> [Task goal] Print exactly the lines that run from the one containing "Vista 3 de ASICS" to the final line of the data, both included, and print none of the pictures.

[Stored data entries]
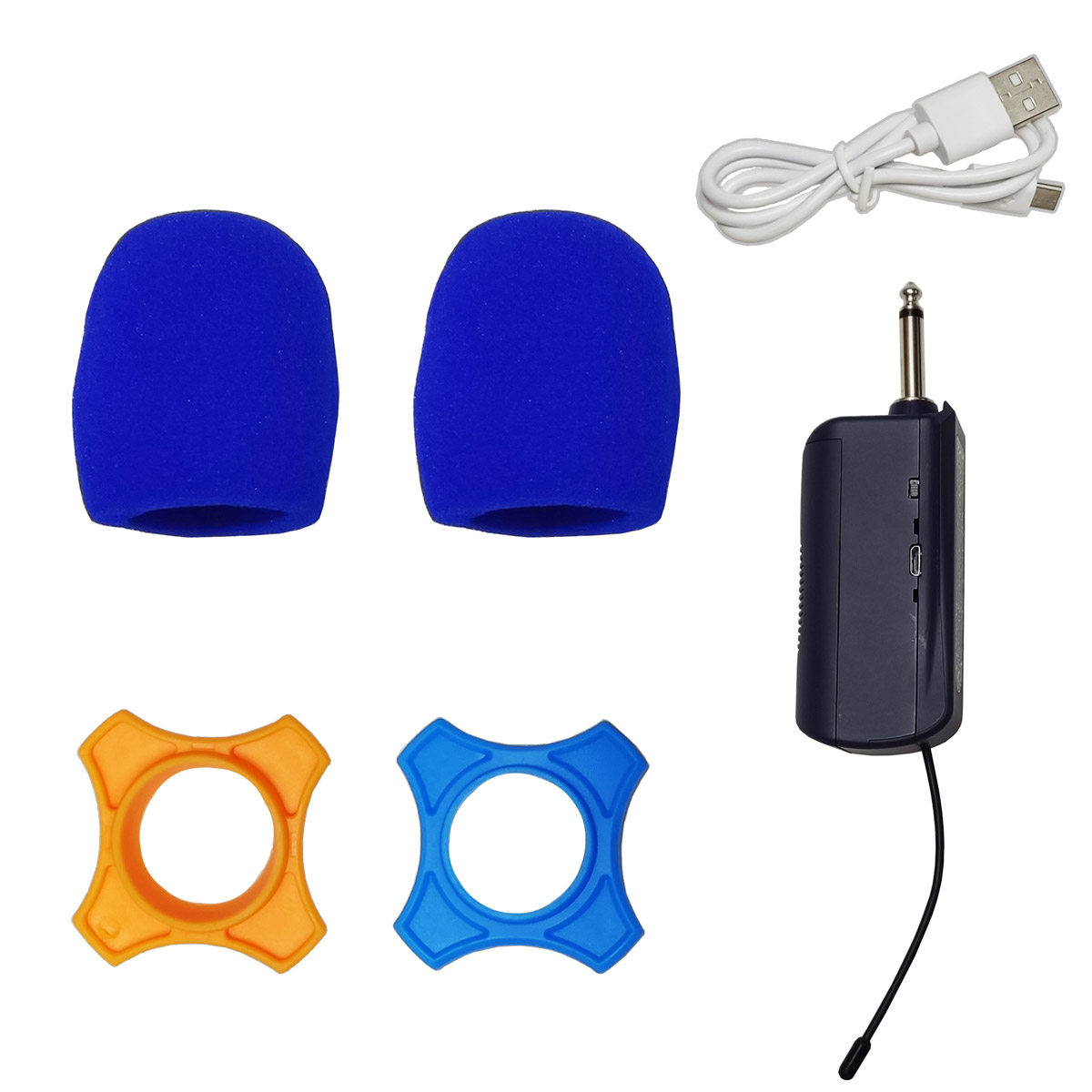 Micro không dây BEST M-6000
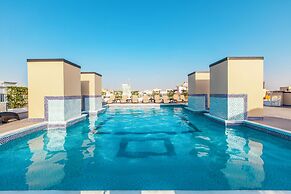 Golden Sands 5 Hotel Apartment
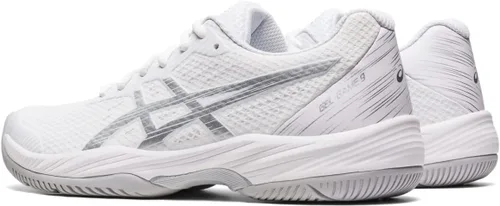 Vista 3 de ASICS Zapatillas de tenis Gel-Game 9 para mujer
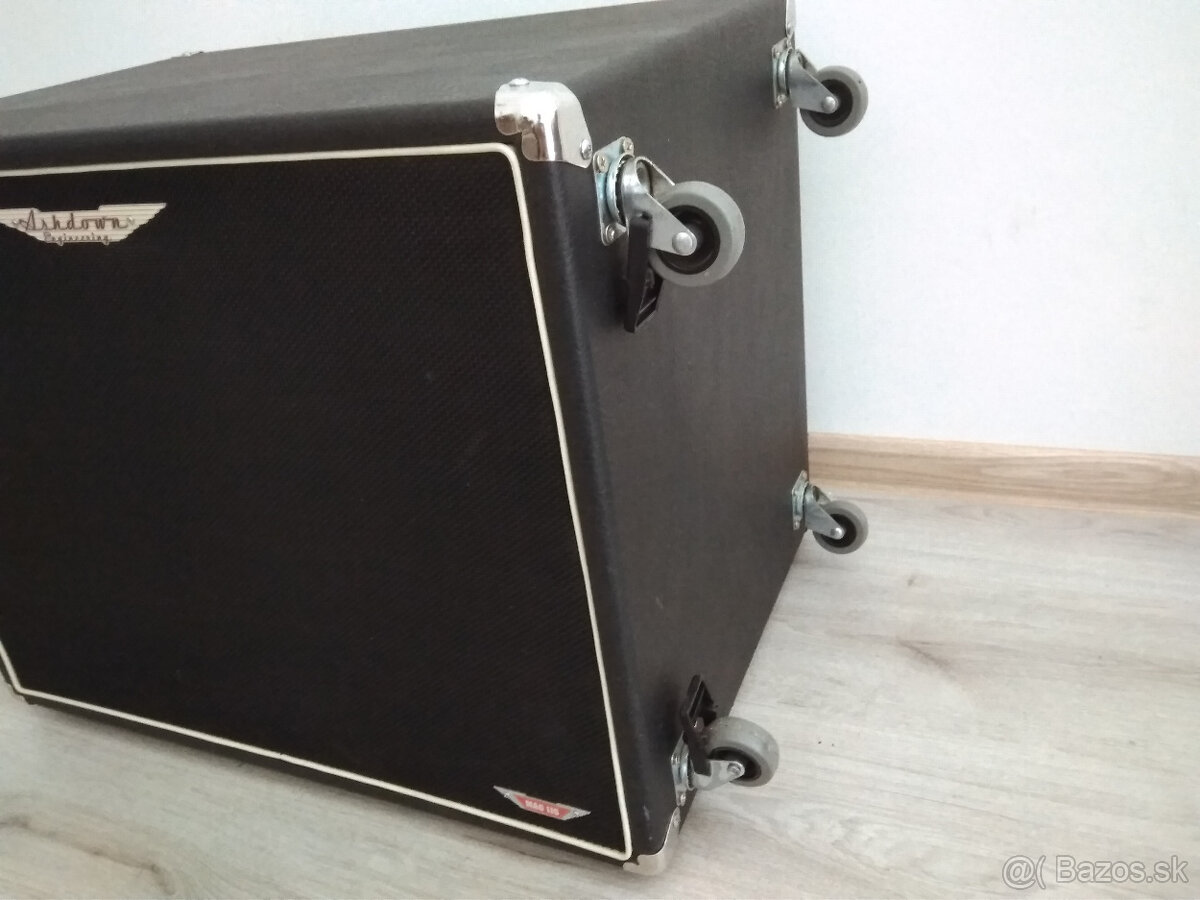 Basový box Ashdown MAG-115 - 3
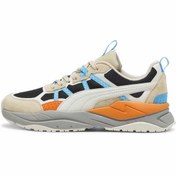 Resim Puma X-ray Tour Unisex Renkli Günlük Spor Ayakkabı 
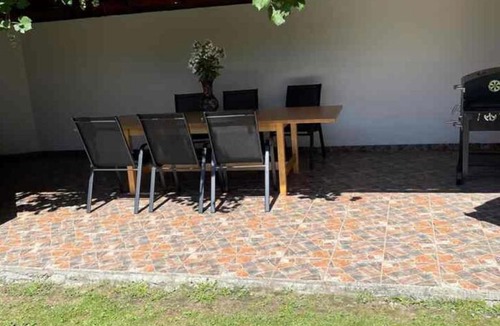 Pui House | Casa Izvorul Rece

> [Solution to the exercise]
 Vista 3 de ASICS Zapatillas de tenis Gel-Game 9 para mujer
 Basový box Ashdown MAG-115 - 3
 Resim Puma X-ray Tour Unisex Renkli Günlük Spor Ayakkabı 
 Pui House | Casa Izvorul Rece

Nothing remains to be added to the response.